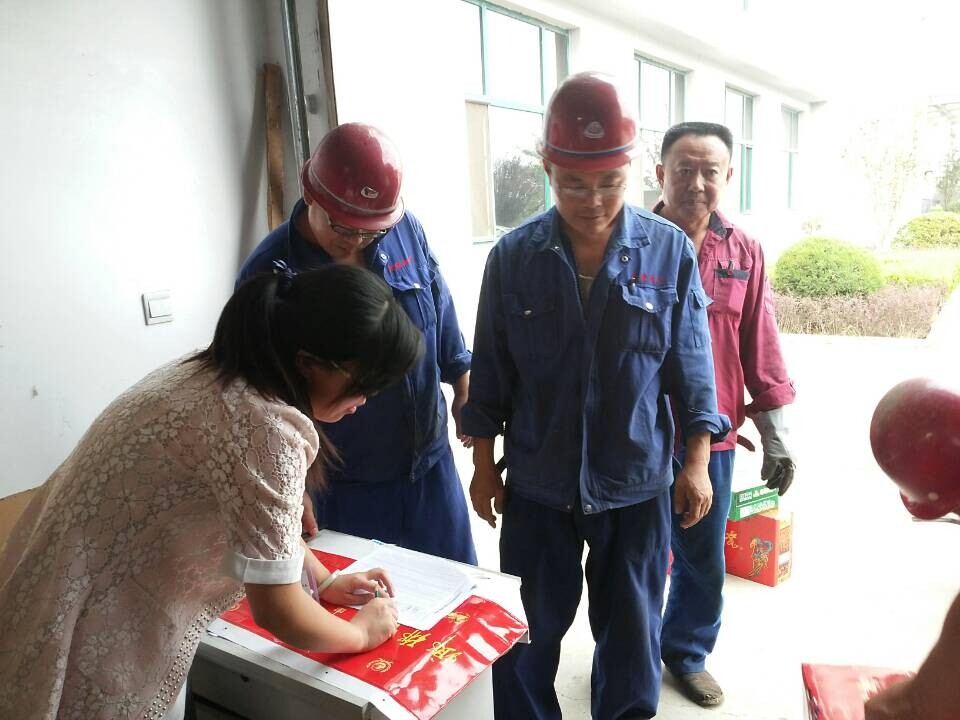 員工領取福利現場 員工領取福利現場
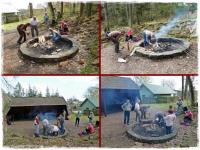 Lubienia- panowie rozpalają ognisko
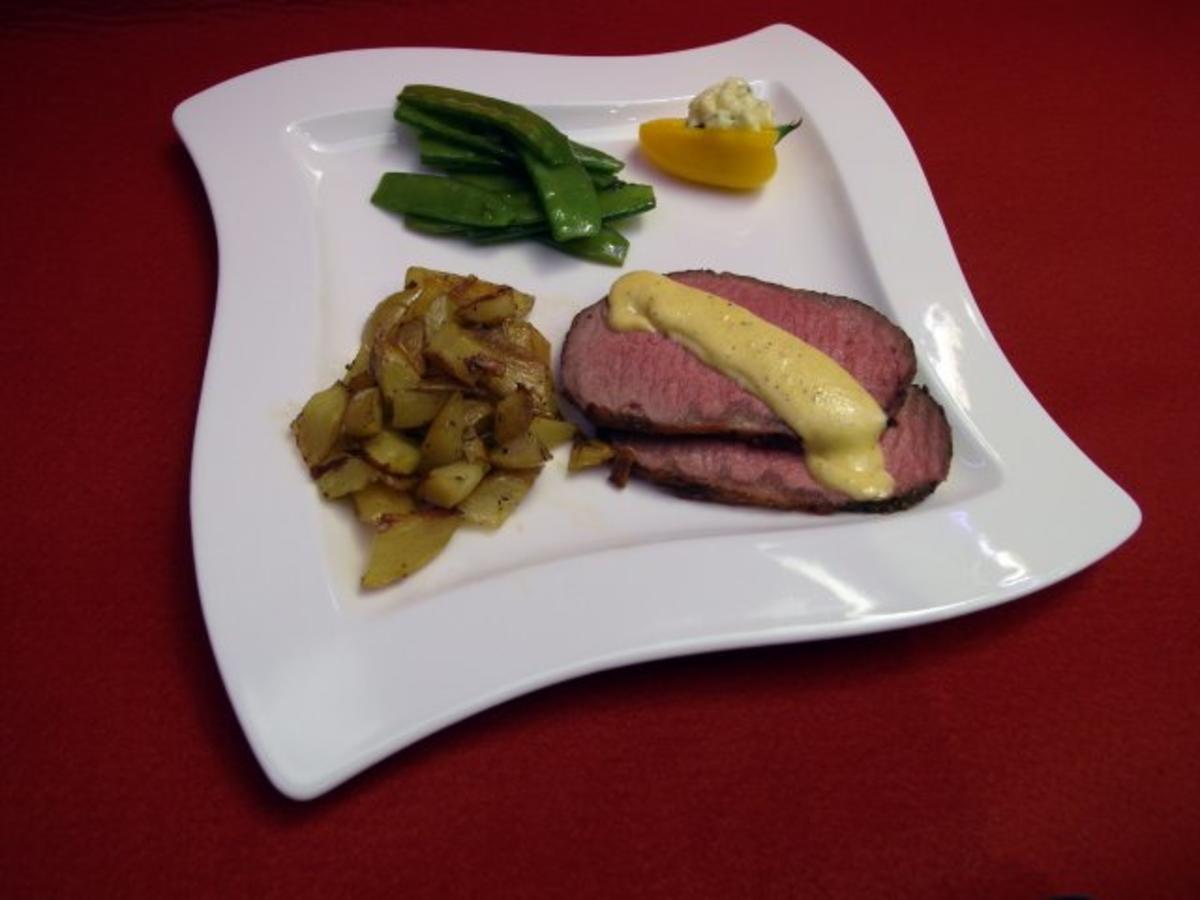 Roastbeef mit Rosmarin-Pfeffer-Kruste und mediterranen Kartoffelspalten ...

___

Task goal: Once the line with "Lubienia- panowie rozpalają ognisko" is found, output it and every line after it through the end of the listing, exactly, without pictures.

Task solution:
 Lubienia- panowie rozpalają ognisko
 Roastbeef mit Rosmarin-Pfeffer-Kruste und mediterranen Kartoffelspalten ...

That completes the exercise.